United States District Court, S.D. New York

December 15, 2014

WHISPERS INN LOUNGE, INC., et al., Defendants.


LORNA G. SCHOFIELD, District Judge.

Defendant Whispers Inn Lounge, Inc. ("Whispers") operates a bar in the Bronx, where on July 6, 2012, Ernest Long allegedly shot and killed Dwight Lewis.[1] On September 26, 2013, Defendant Bridgette Lewis, the administrator of Mr. Lewis' estate, commenced an action in New York State Supreme Court against Whispers and Defendant 1226 E. Gunhill Road, LLC ("Gunhill"), seeking money damages for Mr. Lewis' wrongful death. On December 20, 2013, Plaintiff Century Surety Company ("Century") commenced the present action against Defendants Whispers, Gunhill and Lewis seeking, inter alia, a declaratory judgment that its insurance policy with Whispers neither provides coverage for, nor obliges it to defend or indemnify against, any of the liability claims asserted by Defendant Lewis in state court. Because Century allegedly relied on material misrepresentations by Whispers in providing Whispers with an insurance policy, Century also seeks a declaration that its insurance policy with Whispers be rescinded as void ab initio.

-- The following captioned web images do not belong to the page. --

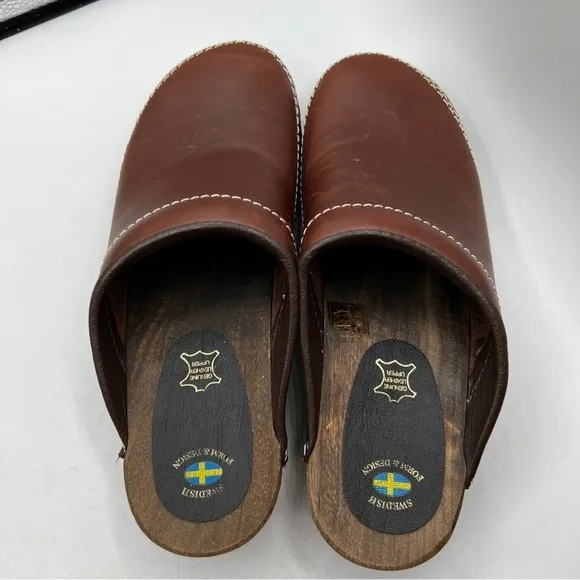 Vollsjo Women's Genuine Leather Wooden Clogs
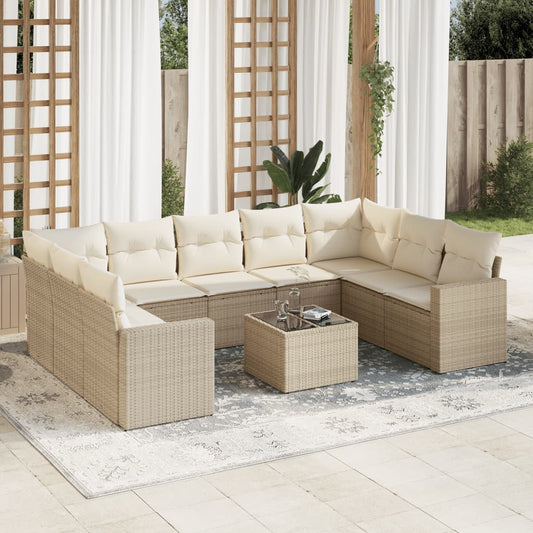 10-delige Loungeset met kussens poly rattan beige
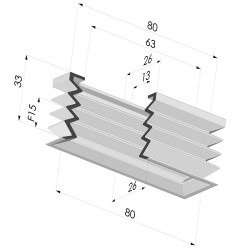 Ventosa Rectangulaire Serie 4PA 80x26MM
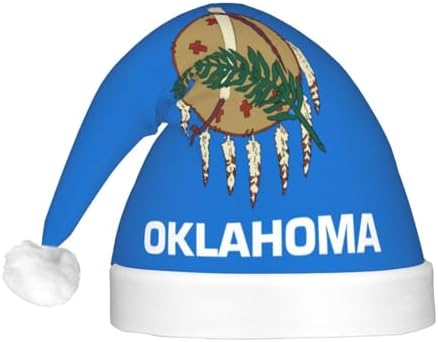 Oklahoma State Flag Christmas Hat with LED Lights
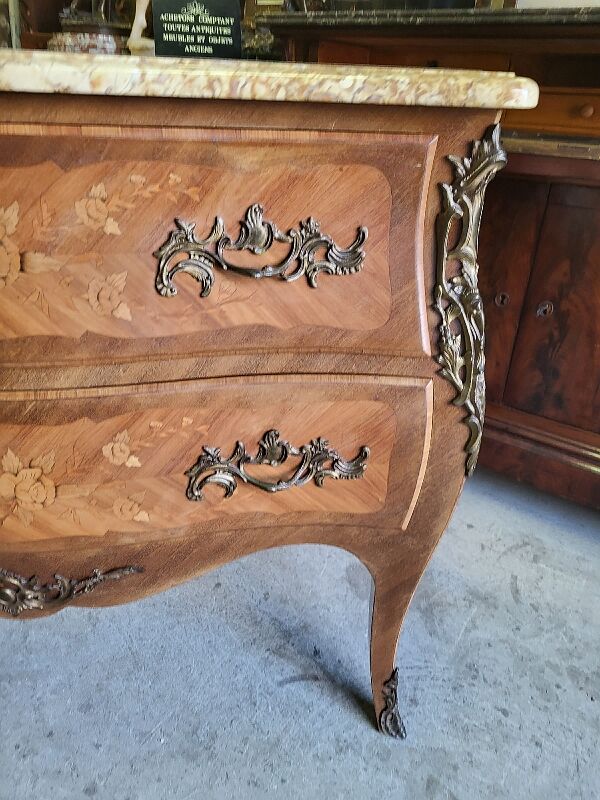 2 rosewood drawer chest of drawers with marble top
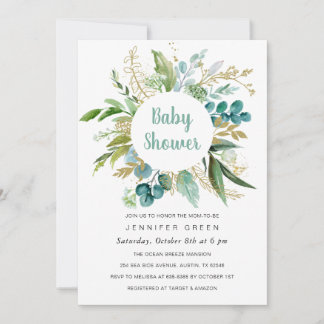 Inbjudan till Grey Botanical Baby Shower Boy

All of the defendants, except for Whispers, have entered appearances. Whispers was duly served with the Summons and Complaint on January 9, 2014, and Century filed the proof of service on January 27, 2014. Whispers has neither appeared nor taken any action in this case. On March 25, 2014, the Clerk of Court issued a certificate of default against Whispers. Century now moves for default judgment against Whispers, in which it seeks to have this Court declare that the insurance policy at issue does not provide coverage in the underlying wrongful death action and that the policy should be rescinded ab initio. The motion is denied without prejudice.

A district court has discretion over "dispositions of motions for entries of defaults and default judgments." Shah v. N.Y. State Dep't of Civil Serv., 168 F.3d 610, 615 (2d Cir. 1999). In cases of joint and several liability, where a complaint "makes a joint charge against several defendants, " and only one defendant defaults, courts should not enter "a final decree on the merits against the defaulting defendant alone, pending the continuance of the cause." Frow v. De La Vega, 82 U.S. 552, 554 (1872). "[F]ollowing Frow, when a default is entered against one defendant in a multi-defendant case, the preferred practice is for the court to withhold granting default judgment until" the action is decided on the merits as to "the remaining defendants." Diarama Trading Co.v. J. Walter Thompson U.S.A., Inc., No. 01 Civ. 2950, 2002 WL 31545845, at *3 (S.D.N.Y. Nov. 13, 2002) (internal quotation marks, alterations and citations omitted).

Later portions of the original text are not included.